Iran. Cryptocurrencies. Sanctions.

This August Iran announced the first foreign trade cryptocurrency transaction worth $10 million. There is still no reliable information on how exactly this operation was carried out, since it is obvious that the country is not interested in disseminating details. However, many questions have arisen. First of all, what cryptocurrency was used and how exactly this transaction was made. Let's try to figure out how it could be and what benefits it will bring to the country's economy.

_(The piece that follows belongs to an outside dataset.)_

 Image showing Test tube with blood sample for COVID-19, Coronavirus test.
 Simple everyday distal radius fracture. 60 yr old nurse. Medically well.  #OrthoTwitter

Iran legalized cryptocurrency mining back in 2019. According to some reports, about 4.5% of the world's bitcoin is mined in Iran. According to Iran’s data, since 2019, the country has been using bitcoin to sell oil to its partners, primarily China, bypassing sanctions. A report of the Analytical Center under the President of the country was published, which indicated that cryptocurrency mining can provide up to $2 million in income per day. The development of the mining industry also contributes to the growth of employment and the development of the country's energy market.

Iran equates mining with industrial production. The country is popular among miners because of cheap electricity. At the beginning of 2020, more than 1,000 cryptocurrency mining licenses were issued in the country. The growth in mining volume was also due to the relocation of miners from China to the country. After the ban on cryptocurrency mining in China, a large number of Chinese companies moved to Kazakhstan, Russia and Iran.

Thus, Iran has an impressive pool of cryptocurrency liquidity, which makes it possible to conduct transactions with cryptocurrency through various exchanges. For example, the Binance crypto exchange has been repeatedly attacked by the US authorities for turning a blind eye to Iranian traders and not taking restrictive measures against them. Moreover according to some information an above mentioned transaction was carried out on the Binance exchange .

In 2019 Iran launched its own gold-backed cryptocurrency PayMon. The main purpose of this cryptocurrency, as stated, was the need to use it to circumvent sanctions, primarily when trading with China. Unfortunately, there is no meaningful information about the use of PayMon, and therefore, we cannot draw a conclusion about its effectiveness. However, the plan was precisely to create an intermediate liquidity token so that it would be possible to exchange this token for cryptocurrency or Iranian Rial.

According to the Iranian authorities, the transaction made in cryptocurrency was successful and it is planned to expand the use of cryptocurrency and smart contracts in foreign trade operations in the future. Thus, it can be assumed that Iran could not use Bitcoin, but some other cryptocurrency, and the transaction was carried out using a smart contract for the purpose of some kind of “mixing” and exchange of digital assets. On the other hand, the smart contract could be used for technical purposes on a trade finance platform.

In any case, the experience of Iran in the near future will show how cryptocurrencies can become the groundwork for a new, decentralized financial system that will be resistant to restrictions and ensure the uninterrupted exchange of financial information.

The TokenScope team will continue to monitor the development of cryptocurrency regulation in Iran, as well as the most important changes in world’scrypto regulation and provide a comprehensive and prompt overview.